*Required work*: Your job is to retype the records exactly while dropping every picture.

*Entries provided*:
○ ○ ○ ○ ○ ○ ○

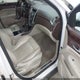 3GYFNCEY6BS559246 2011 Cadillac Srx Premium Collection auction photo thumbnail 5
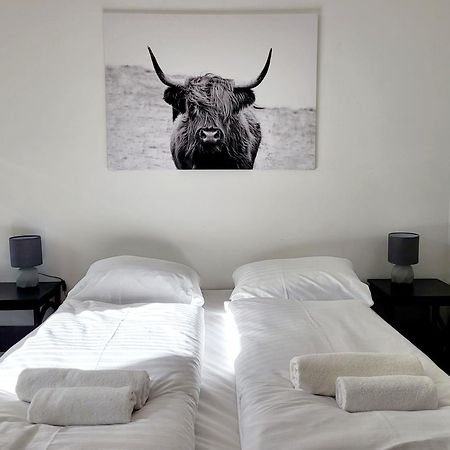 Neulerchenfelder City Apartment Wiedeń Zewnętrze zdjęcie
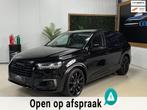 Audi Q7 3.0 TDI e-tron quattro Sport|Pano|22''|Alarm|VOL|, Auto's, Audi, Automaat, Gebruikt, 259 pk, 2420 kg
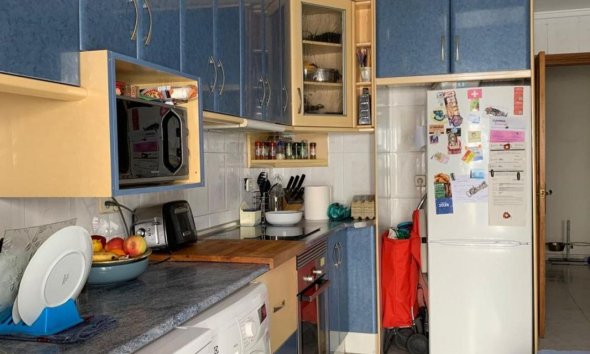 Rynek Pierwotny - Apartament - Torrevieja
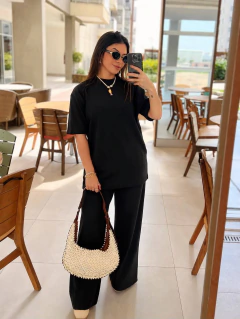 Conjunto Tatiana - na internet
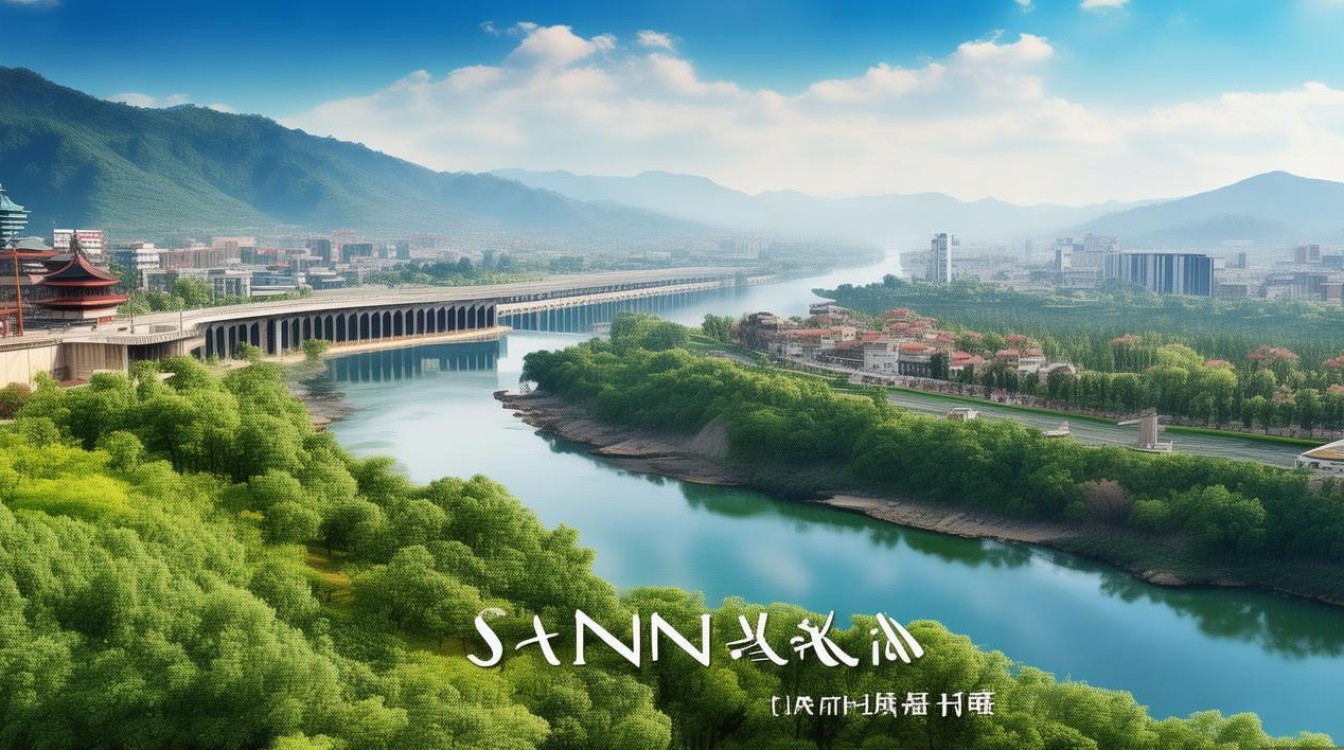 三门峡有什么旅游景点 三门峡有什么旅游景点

○ ○ ○ ○ ○ ○ ○

*Your response*:
 3GYFNCEY6BS559246 2011 Cadillac Srx Premium Collection auction photo thumbnail 5
 Neulerchenfelder City Apartment Wiedeń Zewnętrze zdjęcie
 Audi Q7 3.0 TDI e-tron quattro Sport|Pano|22''|Alarm|VOL|, Auto's, Audi, Automaat, Gebruikt, 259 pk, 2420 kg
 Rynek Pierwotny - Apartament - Torrevieja
 Conjunto Tatiana - na internet
 三门峡有什么旅游景点 三门峡有什么旅游景点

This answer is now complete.